Problem to work on: All of the data below should be set down again verbatim, without any images.

Input data:
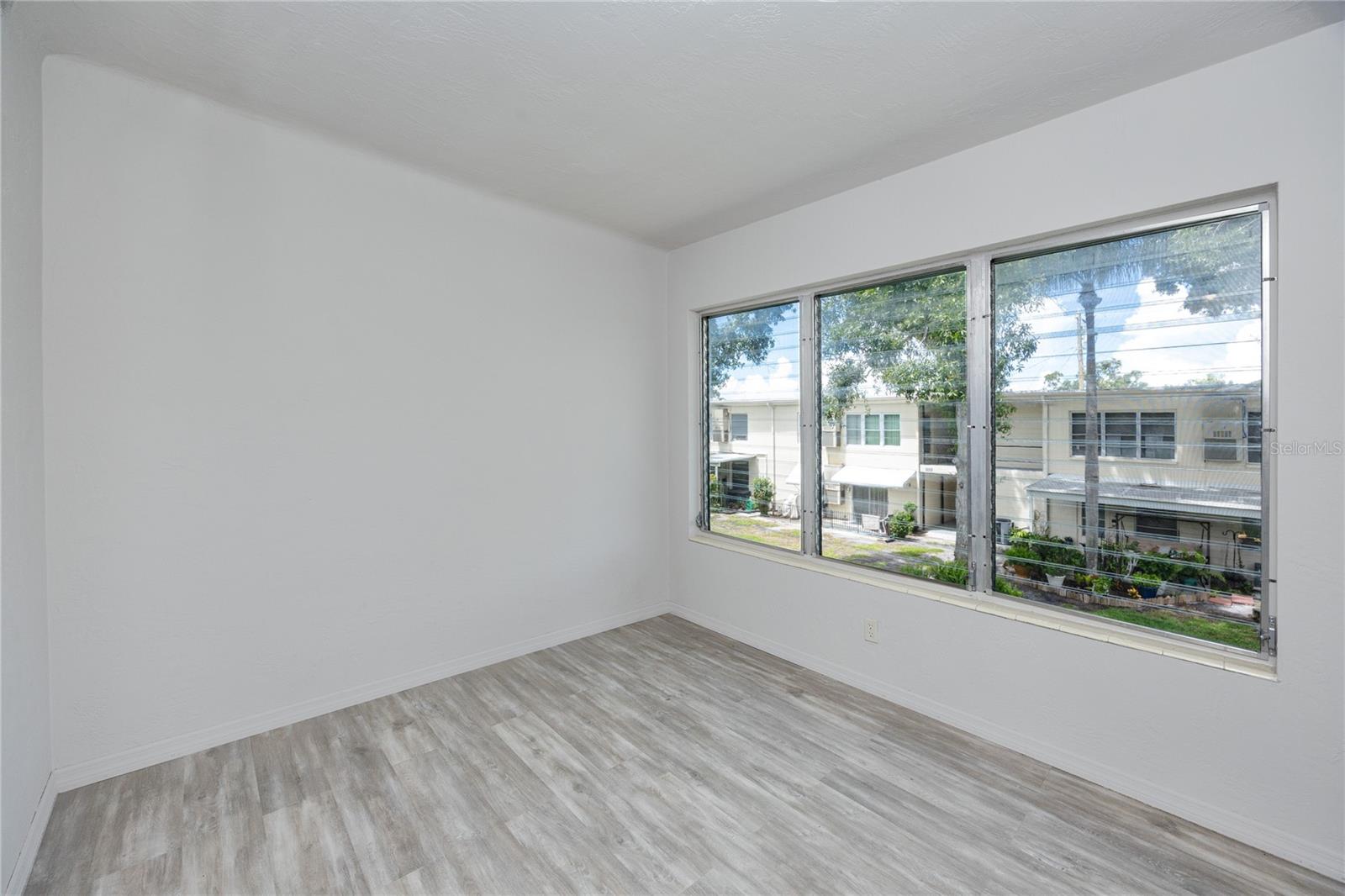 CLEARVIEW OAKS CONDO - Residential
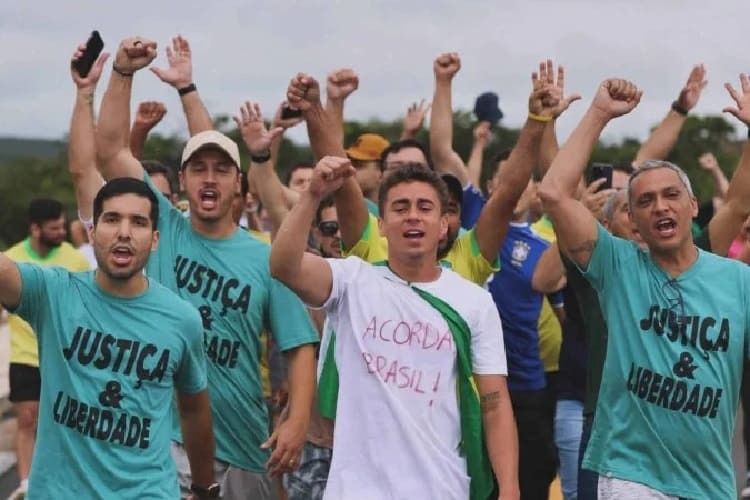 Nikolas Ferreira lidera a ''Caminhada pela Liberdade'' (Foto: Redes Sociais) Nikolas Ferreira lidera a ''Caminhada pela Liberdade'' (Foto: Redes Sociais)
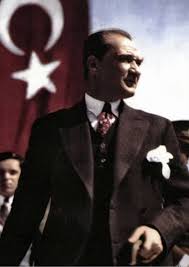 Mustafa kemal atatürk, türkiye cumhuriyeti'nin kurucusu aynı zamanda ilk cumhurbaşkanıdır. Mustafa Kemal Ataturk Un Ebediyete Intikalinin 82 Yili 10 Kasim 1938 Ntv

Task solution:
 CLEARVIEW OAKS CONDO - Residential
 Nikolas Ferreira lidera a ''Caminhada pela Liberdade'' (Foto: Redes Sociais) Nikolas Ferreira lidera a ''Caminhada pela Liberdade'' (Foto: Redes Sociais)
 Mustafa kemal atatürk, türkiye cumhuriyeti'nin kurucusu aynı zamanda ilk cumhurbaşkanıdır. Mustafa Kemal Ataturk Un Ebediyete Intikalinin 82 Yili 10 Kasim 1938 Ntv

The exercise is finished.